Monday, July 2, 2007
It's Definitely A Girl



I had my doctor's appointment today during lunch and she's confirmed that I am indeed having a girl! See crazy pics. The spine shot is so amazing but the face shot is pretty scary, huh? This makes it all the more real for me. Now the fun part sets in - I can try to picture what she is going to look like, how she might act, what she'll like and dislike, etc. I'm not really a girly-girl, so I don't plan on painting the nursery pink or dressing her up in pink all the time. In fact, I actually do not like the color pink at all. So we'll have to go with neutrals. Even blue. I hate "rules" anyway.

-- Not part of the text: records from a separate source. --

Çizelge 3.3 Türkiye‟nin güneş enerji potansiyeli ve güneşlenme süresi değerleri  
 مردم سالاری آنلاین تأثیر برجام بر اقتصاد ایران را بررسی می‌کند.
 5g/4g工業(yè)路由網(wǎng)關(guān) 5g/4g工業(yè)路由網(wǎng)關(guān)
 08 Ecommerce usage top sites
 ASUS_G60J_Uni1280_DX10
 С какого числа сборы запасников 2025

This past weekend, James and I went to my cousin Chieun's house in East Haddom, CT. It is soooo peaceful out there, by the Connecticut River. There was no internet and no cell phone. Just air rifle shooting - the perfect pastime to break the unyielding silence of nature. Pictured is Luca, her 8 month old son. His eyes are amazing - they're like steel blue. (I've never seen a half-Asian baby w/ blue eyes before.) He's teething at the moment so he's a bit cranky-pants, but he's still pretty easily entertained. I don't think I've ever spent that much time with a baby. Chieun's truly giving us the lowdown on what it's like to be a parent. And it's really setting in for me...this whole parent role. I'm really excited to take on this new challenge, but at the same time, I sometimes feel scared shitless that I'm not going to "do the right thing." I suppose it will all just happen and I'll jump into that role and just do it - be right or wrong. The whole thing is just a learning process for both of us anyway. Who knows what will happen. I just know it'll be fine, though.

See new belly shot. I've gained 2 more pounds since my last visit (it just keeps going up and up!). We went to the Farmer's Market in CT and I was waiting on line for some fresh lemonade (when was the last time you said that?!) and all of a sudden, I started to black out. I had to step out of line and sit in the shade and put my head between my knees. I was sweating like a pig and felt really nauseous. I brought this up to my doctor today and she said that things like that could happen now that I'm pregnant. The baby will suck the life out of me. She also said I've got to make sure to EAT and drink plenty of fluids, especially if I'm going to be out in the sun. I did only eat 2 pieces of toast for breakfast that morning, so I'm reading her consultation as follows: You are allowed to eat a sausage, egg and cheese w/ a side of hash browns for breakfast. Thank you, Dr. Brustman. I really do love you.
IT'S A GIRL!!!
I'm too exhausted to write any details now, but we're 90% certain that it's a GIRL!!!! More on this later, but I cannot begin to express how excited we are.